Conformational aspects of the muscarinic receptor interactions of bicyclic isoxazole ester bioisosteres of arecoline.

Lagersted A, Falch E, Ebert B, Krogsgaard-Larsen P.

Department of Organic Chemistry, Royal Danish School of Pharmacy, Copenhagen.

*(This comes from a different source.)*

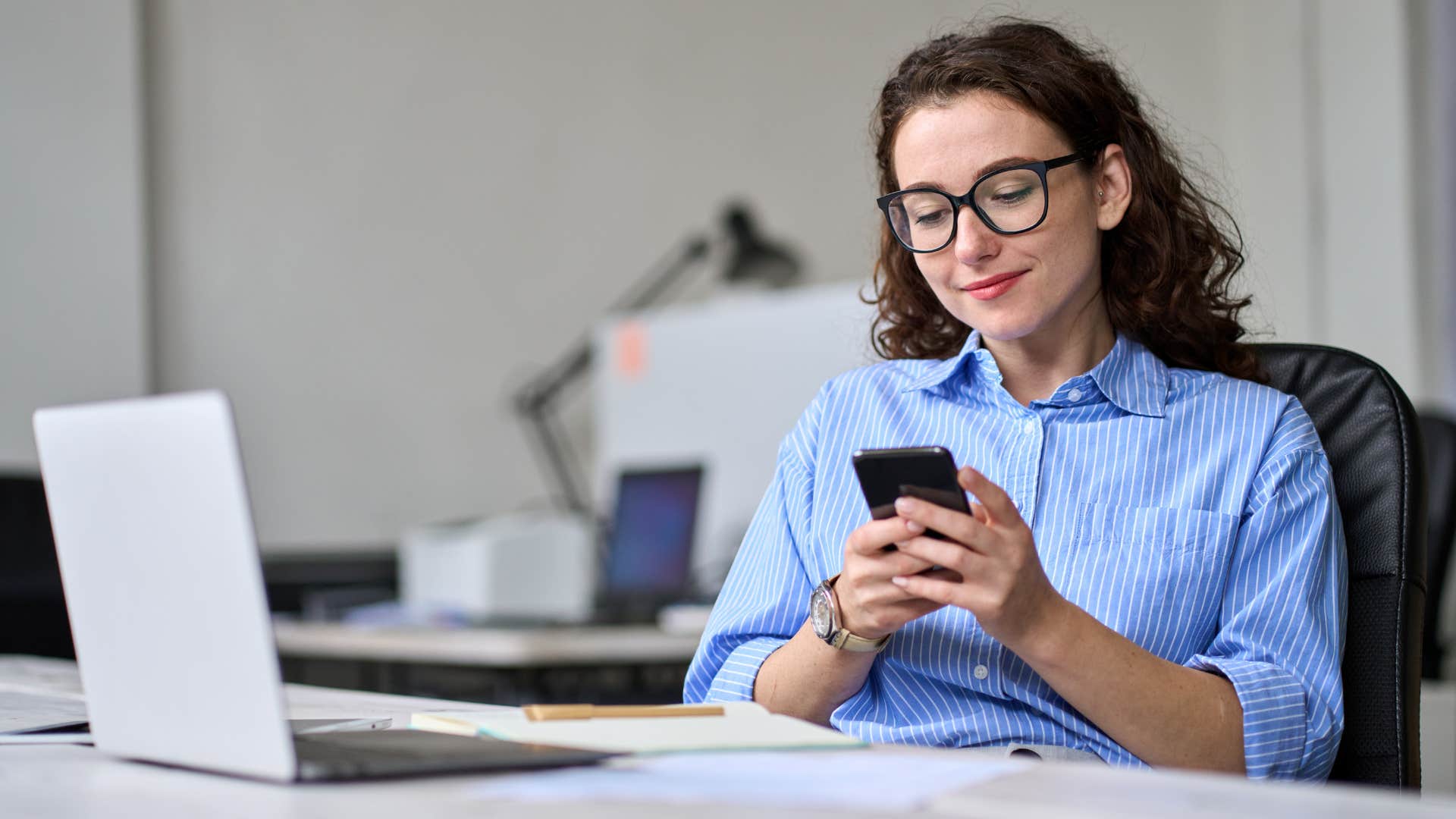woman texting from work that shes busy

3-Methoxy-4,5,6,7-tetrahydroisoxazolo [4,5-c]pyridine (O-Me-THPO) and O,5-di-Me-THPO are conformationally restricted bioisosteres of the muscarinic agonists norarecoline and arecoline, respectively, showing partial agonist effects at muscarinic acetylcholine receptors. The 7-membered ring analogue of O-Me-THPO, 3-methoxy-5,6,7,8-tetrahydro-4H-isoxazolo[4,5-c]azepine (O-Me-THAO), shows higher affinity for muscarinic receptor sites than O-Me-THPO or O,5-di-Me-THPO. Similarly, O-Et-THAO binds much more tightly to muscarinic receptor sites than its 6-membered ring analogues, O-Et-THPO and O-Et-5-Me-THPO. Based on receptor binding data, O-Me-THPO and O-Me-THAO, and O-Et-THPO and O-Et-THAO, respectively, show similar degrees of partial agonism. They also show similar relative affinities for muscarinic M1 and M2 receptor sites. Using the semiempirical quantum mechanics programme, AM1, and the molecular mechanics programme, SYBYL, we have studied the conformational flexibility of the O-alkyl-THPO and O-alkyl-THAO ring systems. As expected, the 7-membered ring of the latter system was shown to be markedly more flexible than the piperidine rings of O-alkyl-THPO analogues. On the basis of this analysis, a common pharmacophore for these two classes of compounds was constructed.

Publication Types:
Research Support, Non-U.S. Gov't
Review

PMID: 8400005 [PubMed - indexed for MEDLINE]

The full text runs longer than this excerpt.